• _About this task_
Because the pictures are not wanted, give back only the exact text of every entry below.

════════════════════

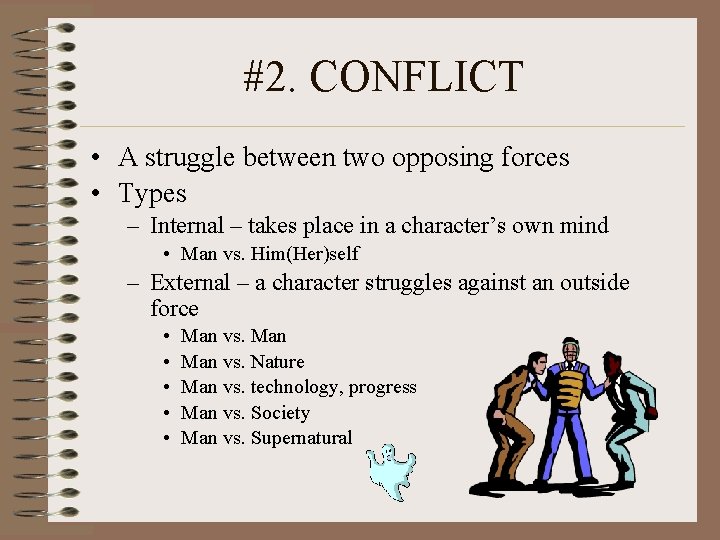 #2. CONFLICT • A struggle between two opposing forces • Types – Internal –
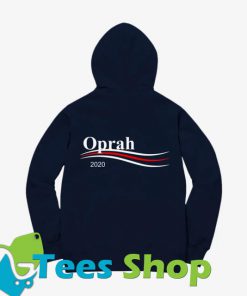 Oprah 2020 Hoodie SN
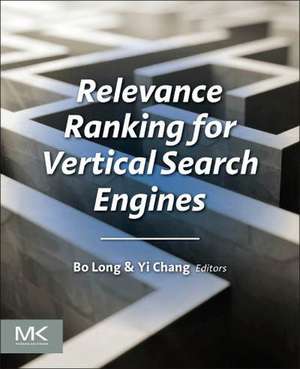 Relevance Ranking for Vertical Search Engines de Bo Long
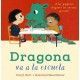 DRAGONA VA A LA ESCUELA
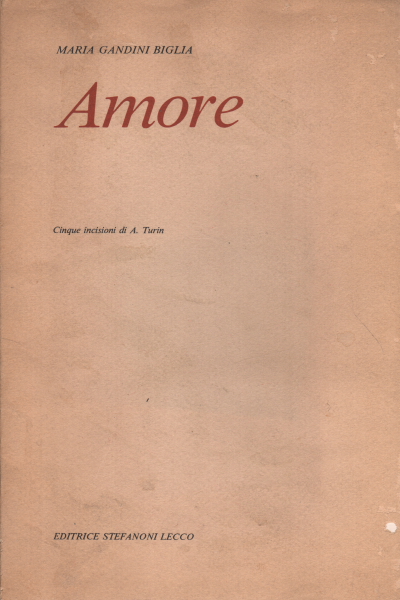 Amore, Maria Gandini Biglia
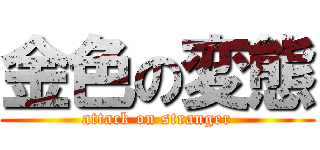 金色の変態 (attack on stranger)
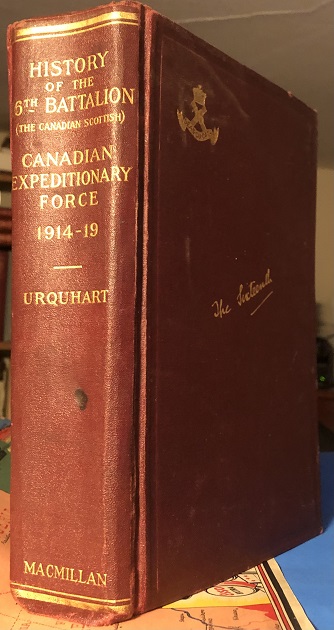Image for The History of The 16th Battalion (The Canadian Scottish). Canadian Expeditionary Force in the Great War, 1914-1919. Published for The Trustees and Regimental Committee of The 16th Battalion (The Canadian Scottish), C.E.F.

════════════════════

• _Output_
 #2. CONFLICT • A struggle between two opposing forces • Types – Internal –
 Oprah 2020 Hoodie SN
 Relevance Ranking for Vertical Search Engines de Bo Long
 DRAGONA VA A LA ESCUELA
 Amore, Maria Gandini Biglia
 金色の変態 (attack on stranger)
Image for The History of The 16th Battalion (The Canadian Scottish). Canadian Expeditionary Force in the Great War, 1914-1919. Published for The Trustees and Regimental Committee of The 16th Battalion (The Canadian Scottish), C.E.F.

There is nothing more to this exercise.